* To do
Write out the records below once more, exactly and completely.

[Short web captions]
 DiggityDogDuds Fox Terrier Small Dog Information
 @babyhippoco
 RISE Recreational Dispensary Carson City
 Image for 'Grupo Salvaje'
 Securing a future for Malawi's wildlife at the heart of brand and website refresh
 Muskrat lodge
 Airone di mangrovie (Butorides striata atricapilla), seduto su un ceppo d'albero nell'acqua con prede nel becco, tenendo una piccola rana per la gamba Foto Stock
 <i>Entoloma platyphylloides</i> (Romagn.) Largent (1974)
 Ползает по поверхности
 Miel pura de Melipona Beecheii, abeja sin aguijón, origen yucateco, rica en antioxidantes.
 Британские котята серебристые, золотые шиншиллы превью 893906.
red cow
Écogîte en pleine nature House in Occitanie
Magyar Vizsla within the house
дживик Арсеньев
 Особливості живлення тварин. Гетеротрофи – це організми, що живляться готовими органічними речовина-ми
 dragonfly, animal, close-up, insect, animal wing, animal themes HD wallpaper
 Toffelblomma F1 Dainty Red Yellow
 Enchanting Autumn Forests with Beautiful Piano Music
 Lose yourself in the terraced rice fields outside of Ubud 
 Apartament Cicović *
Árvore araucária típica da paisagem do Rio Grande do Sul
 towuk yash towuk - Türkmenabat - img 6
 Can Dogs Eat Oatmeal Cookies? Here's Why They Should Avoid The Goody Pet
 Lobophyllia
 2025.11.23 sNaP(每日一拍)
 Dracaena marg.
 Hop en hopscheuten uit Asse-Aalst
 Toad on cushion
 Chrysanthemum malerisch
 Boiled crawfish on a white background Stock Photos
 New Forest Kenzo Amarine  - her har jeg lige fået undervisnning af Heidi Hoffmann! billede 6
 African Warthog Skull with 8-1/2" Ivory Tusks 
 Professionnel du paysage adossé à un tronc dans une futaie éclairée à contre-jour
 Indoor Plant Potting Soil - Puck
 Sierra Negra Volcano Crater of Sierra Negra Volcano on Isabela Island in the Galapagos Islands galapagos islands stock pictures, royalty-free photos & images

* Task solution
 DiggityDogDuds Fox Terrier Small Dog Information
 @babyhippoco
 RISE Recreational Dispensary Carson City
 Image for 'Grupo Salvaje'
 Securing a future for Malawi's wildlife at the heart of brand and website refresh
 Muskrat lodge
 Airone di mangrovie (Butorides striata atricapilla), seduto su un ceppo d'albero nell'acqua con prede nel becco, tenendo una piccola rana per la gamba Foto Stock
 <i>Entoloma platyphylloides</i> (Romagn.) Largent (1974)
 Ползает по поверхности
 Miel pura de Melipona Beecheii, abeja sin aguijón, origen yucateco, rica en antioxidantes.
 Британские котята серебристые, золотые шиншиллы превью 893906.
red cow
Écogîte en pleine nature House in Occitanie
Magyar Vizsla within the house
дживик Арсеньев
 Особливості живлення тварин. Гетеротрофи – це організми, що живляться готовими органічними речовина-ми
 dragonfly, animal, close-up, insect, animal wing, animal themes HD wallpaper
 Toffelblomma F1 Dainty Red Yellow
 Enchanting Autumn Forests with Beautiful Piano Music
 Lose yourself in the terraced rice fields outside of Ubud 
 Apartament Cicović *
Árvore araucária típica da paisagem do Rio Grande do Sul
 towuk yash towuk - Türkmenabat - img 6
 Can Dogs Eat Oatmeal Cookies? Here's Why They Should Avoid The Goody Pet
 Lobophyllia
 2025.11.23 sNaP(每日一拍)
 Dracaena marg.
 Hop en hopscheuten uit Asse-Aalst
 Toad on cushion
 Chrysanthemum malerisch
 Boiled crawfish on a white background Stock Photos
 New Forest Kenzo Amarine  - her har jeg lige fået undervisnning af Heidi Hoffmann! billede 6
 African Warthog Skull with 8-1/2" Ivory Tusks 
 Professionnel du paysage adossé à un tronc dans une futaie éclairée à contre-jour
 Indoor Plant Potting Soil - Puck
 Sierra Negra Volcano Crater of Sierra Negra Volcano on Isabela Island in the Galapagos Islands galapagos islands stock pictures, royalty-free photos & images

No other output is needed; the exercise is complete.